The Herald, 4 January 1990

A RETIRED hangman described in gruesome detail on a British television programme on Tuesday night how condemned prisoners on Pretoria’s death row are executed and secretly buried.

“It didn’t worry me,” was how a former prison warder, Mr Chris Barnard, summed up in an interview by the First, Tuesday programme, which introduced him as the “chief executioner from 1962 to 1986, credited with over 1 500 hangings during his career”.

The documentary, including secretly and illegally shot footage of Pretoria central prison, was entitled South Africa’s Death Factory. 

It informed viewers that 1 200 prisoners had been hanged in the 1980s equivalent to one every three days, and that there were currently 300 including Upington 14 awaiting the noose on death row.

Mr John Didcott, said to have tried over 500 murder cases, but never to have imposed the death sentence, was quoted as expressing his wish for the abolition of the death penalty.

He recalled how he and other prison warders would “talk, play darts or read the paper”, while waiting for the final signal to pull the lever. “It didn’t worry me.”

He described up to seven prisoners being executed simultaneously in separate numbered chambers. 

“If there was one or all of them, they all went at the same time.”

White caps were placed over the prisoner’s heads, with a flap over the face, followed by the noose, which was pulled tight. Most of the people he had executed did not resist, but he remembered one occasion when nine Xhosa men from the Cape had to be overpowered.
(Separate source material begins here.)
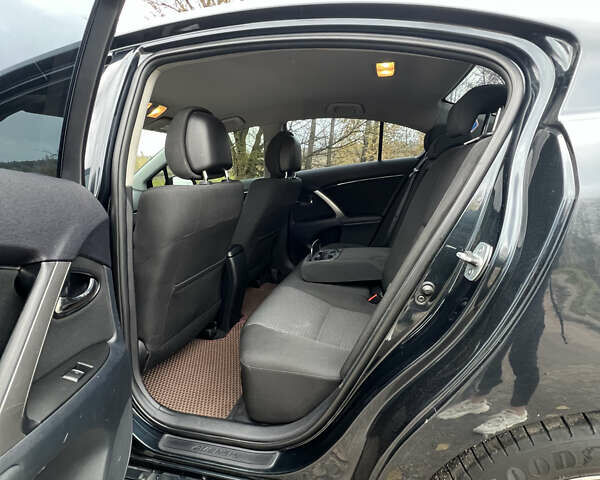 Синий Тойота Авенсис, объемом двигателя 1.8 л и пробегом 187 тыс. км за 9500 $, фото 10 на Automoto.ua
Mr Barnard also described how he used a fan to blow away the “bad smell” of trapped air and gases escaping from the bodies when the ropes were loosened.

LESSONS FOR TODAY 

 South Africa’s democratic government abolished the death penalty on June 6, 1995. Despite the violent crimes committed by some rogue elements, calls to restore the death penalty have been resisted.

 As of 2020, 53 countries, including Zimbabwe and the United States of America still had capital punishment. The United States under President Trump executed a number of prisoners on death row before he left office.

 Amnesty International which opposes capital punishment says, “the death penalty violates the most fundamental right the right to life. It is the ultimate cruel, inhuman and degrading punishment.”

 President Mnangagwa in 2018, “commuted to life imprisonment, the death sentences of prisoners who had been on death row for more than 10 years.”

 Zimbabwe has gone for 15 years without executing prisoners on death row. The last prisoner was hung on July 22, 2005.

 In January 2019, President Mnangagwa, who is opposed to the death penalty said he “wholeheartedly”, agreed that capital punishment “constituted an affront to human dignity.” 

 MDC-T leader Senator Douglas Mwonzora gives compelling arguments on why Section 48 of the Constitution should be amended, in an article: “Why Zimbabwe should amend the Constitution to abolish the death penalty”, published by Constitutionnet on August 7, 2019. Section 48 provides for the right to life, but section 48(2) states: “a law may permit the death penalty to be imposed only on a person convicted of murder committed in aggravating circumstances.”